Prenant l’exemple grec, M. Giscard d’Estaing, malgré tout assez compétent en matière financière et économique, vient d’affirmer que la Grèce doit sortir de l’euro (pour régler ses problèmes grâce àune monnaie désormais dévaluable) et d’expliquer comment elle doit le faire (de manière consensuelle et non conflictuelle). On comprend, en creux, que ce serait aussi l’intérêt des autres pays européens (qui pourraient peut-être alors envisager le recouvrement d’une partie de leurs créances – 55 milliards tout de même pour la seule France, sur un total proche de 250). Certes, la Grèce vient d’obtenir une sorte de sursis (quatre mois) bien fragile tout de même car encore susceptible d’être remis en cause dès cette semaine. Mais tout cela tient à si peu que le bon sens politique commande d’envisager calmement ce que pourraient être les modalités d’une exfiltration réussie.
D’autant que d’autres pays que la Grèce connaissent de très grosses difficultés.
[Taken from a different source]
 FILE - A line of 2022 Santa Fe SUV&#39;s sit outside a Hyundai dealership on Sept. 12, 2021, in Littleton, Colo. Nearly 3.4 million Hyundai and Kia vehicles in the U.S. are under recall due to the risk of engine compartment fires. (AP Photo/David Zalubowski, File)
M. Sapir voit déjà dans l’Italie le prochain maillon faible, assez fort toutefois pour poser un problème insurmontable à la zone euro tout entière dès l’été 2015. Donc, l’apocalypse version Attali ? M. Chevènement (Le Figaro, 31/01/2015) est ici dans le vrai qui met en garde contre « un éclatement sauvage de la zone euro ». Ce scénario du pire serait forcément, en ce qui concerne la France, disons-le ici, le résultat d’une faute politique, celle d’un gouvernement refusant jusqu’au bout de renoncer à son aveuglement idéologique en faveur de la monnaie unique, alors que la sagesse commande de préparer un scénario fondé sur la « concertation entre pays européens et d’abord un accord entre la France et l’Allemagne ». •
En fin de compte, l’euro crée donc un état permanent de perplexité politique et d’incertitude monétaire, puisque sa survie méme est périodiquement remise en question. Personne ne doute de la pérennité du dollar, du yen, du yuan, du sterling ou du franc suisse. Pourquoi n’en est-il pas de même pour l’euro ? Ce serait une question à se poser … Et la réponse ne serait pas très difficile à trouver. Personne ne sait si l’euro survivra à ses vices de fabrication, combien de temps il durera, s’il faut y rester ou en sortir, ni quand ni comment. LJDL a raison de le nommer un boulet alors même qu’une monnaie ne vaut que par la confiance qu’elle inspire et par le service bon ou mauvais qu’elle rend aux Etats qui l’utilisent. Question : y a-t-il dans le monde une autre monnaie constituée sur des bases comparables à celles sur lesquelles l’euro a été fondé ? J’en doute …
Merci Cédric pour ce remarquable commentaire, en complément de l’excellent billet de LJD.
Le rôle de la monnaie est d’être un instrument, économique certes, mais avant tout politique. La BCE ne peut pas jouer ce rôle, pour d’évidentes raisons d’absence d’unité politique européenne.
Tout ayant été dit sur la « malfaisance » de l’Euro, faut-il en sortir et revenir à nos petites facilités d’avant, en laissant filer nos déficits par calculs politiciens?